Carrie … as the revenge of the nerds. … Carrie’s reversal of Cinderella’s happy ending, for instance, recovers the gruesome revenge elements of the tale’s folk originals (the stepsisters’ heels are sliced off and a dove pecks out their eyes)

If the Cinderella story caters to the masses in terms of the need for romantic endings, Carrie suggests something else. As King puts it:

They were still all beautiful and there was still enchantment and wonder, but she had crossed a line and now the fairy tale was green with corruption and evil.

Growing Up Horror

The avenging woman in Carrie looks forward to King’s later Dolores Claiborne as well: women whose victimhood turns into vengeance, and this, for critics like Sarah Langan in Teaching Stephen King, implicitly references the women’s movement of the era. King himself states in his Danse Macabre that ‘Carrie is largely about how women find their own channels of power, and what men fear about women and women’s sexuality’.

The traditional European tale of growing up, the Bildungsroman (the novel of growing up) depicts the boy growing up, finding his place in society, discovering love, lineage and property: in short, fitting in.

  • Monsters are not aliens. They are us. And many are forged in the smithy of the education system and the social order

Carrie is about growing up and not fitting in. One could think of it as an inverted Bildungsroman too. The rite of passage that is the prom, which ought to have helped Carrie find herself — she proves to be pretty, witty and smart, as others discover —  turns out to be the final humiliation for her. She giggles as she starts the mayhem, and King describes the sound as ‘triumphant, lost, victorious, terrified’. At the prom, drenched in pigs’ blood, she recalls the shower room humiliation, and Carrie tastes ‘the plump, fulsome bitterness of horror’.

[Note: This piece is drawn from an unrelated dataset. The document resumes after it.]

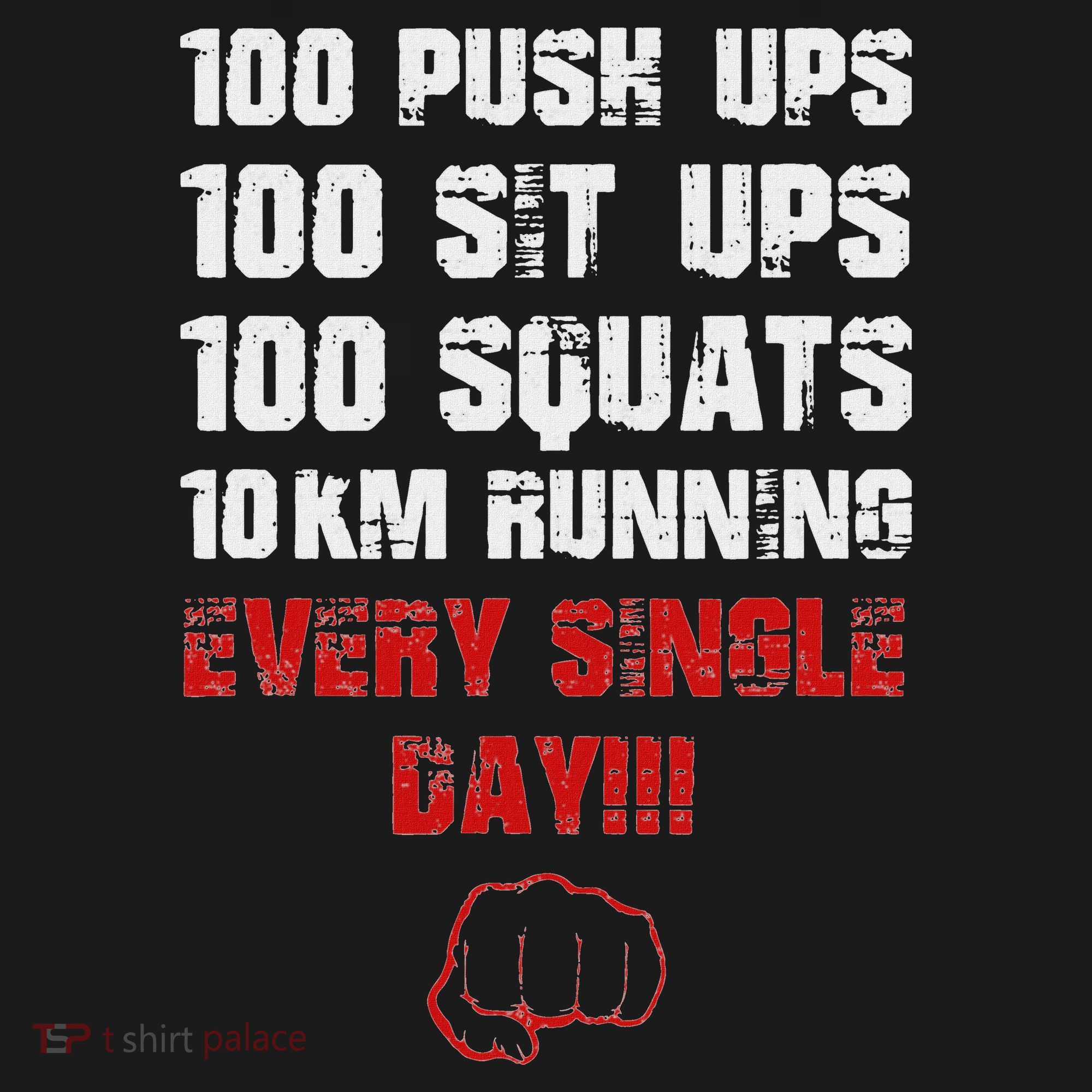 100 Push Ups 100 Sit Ups 100 Squats 10 Km Running Kids Hoodie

Where the traditional Bildungsroman concludes on a note of success (one thinks of the fiction of Henry Fielding, for instance), Carrie ends with the death of the protagonist, and the destruction of the society into which she tried so hard to fit in.

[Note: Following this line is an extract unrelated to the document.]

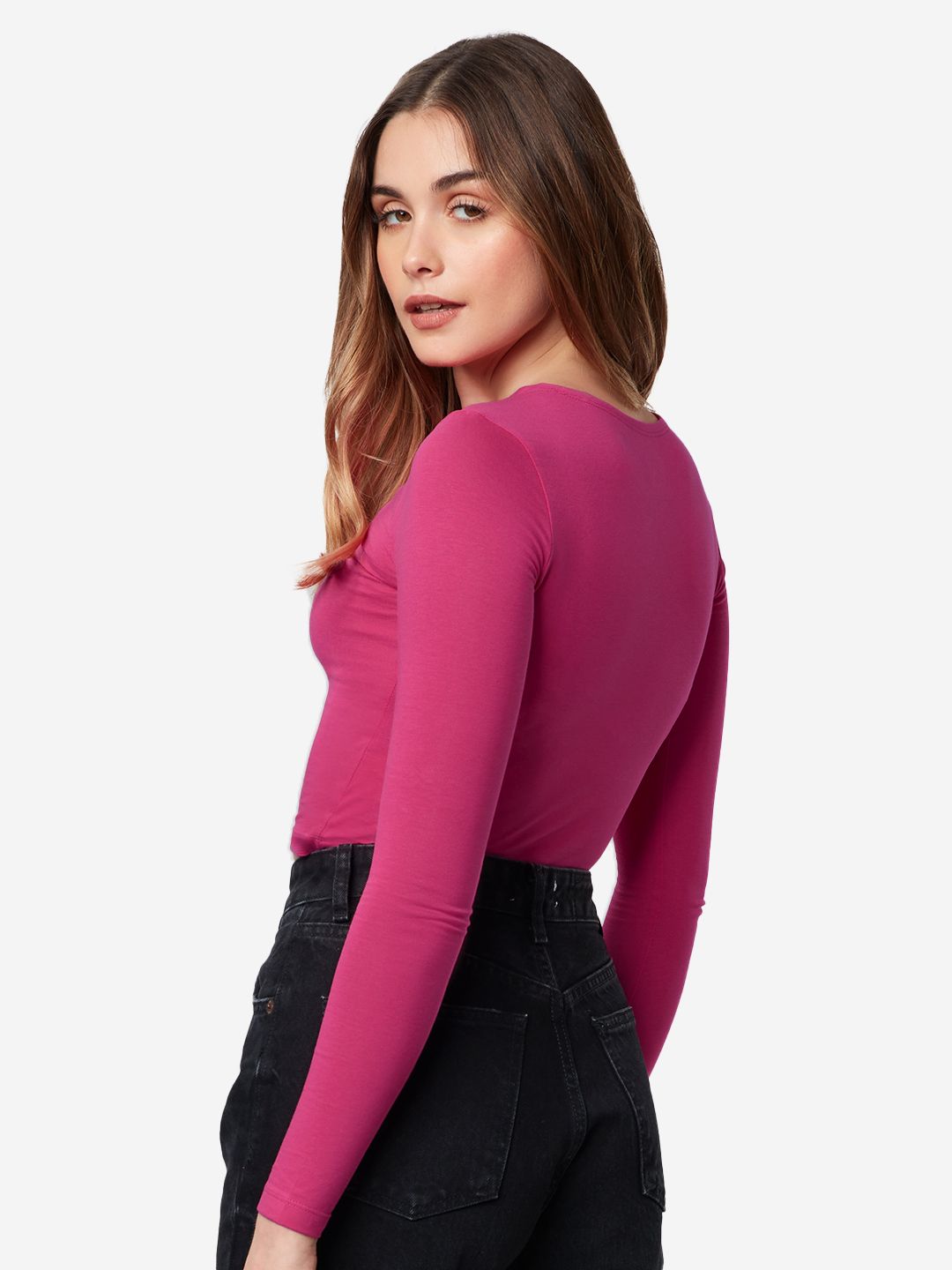 Essential Solids: Hot Pink Women Knit Tops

Carrie’s death scene has her final thoughts and Sue Snell’s eyewitness account merged:

For a moment Sue felt as if she were watching a candle flame disappear down a long, black tunnel at a tremendous speed, (she’s dying o my god I’m feeling her die) And then the light was gone, and the last conscious thought had been (momma I’m sorry where)

But it does not suffice to say that it is a negative Bildungsroman. It is indisputable that, like in the conventional Bildungsroman, Carrie too discovers herself. After the drenching at the prom, she steps out and thinks of going back home, to her maniac mother, the praying, the penitence and punishments. The moment of self-discovery, so central to the Bildungsroman, is described thus:

Find Momma, admit she had been wrong —

                                        (!!NO!!)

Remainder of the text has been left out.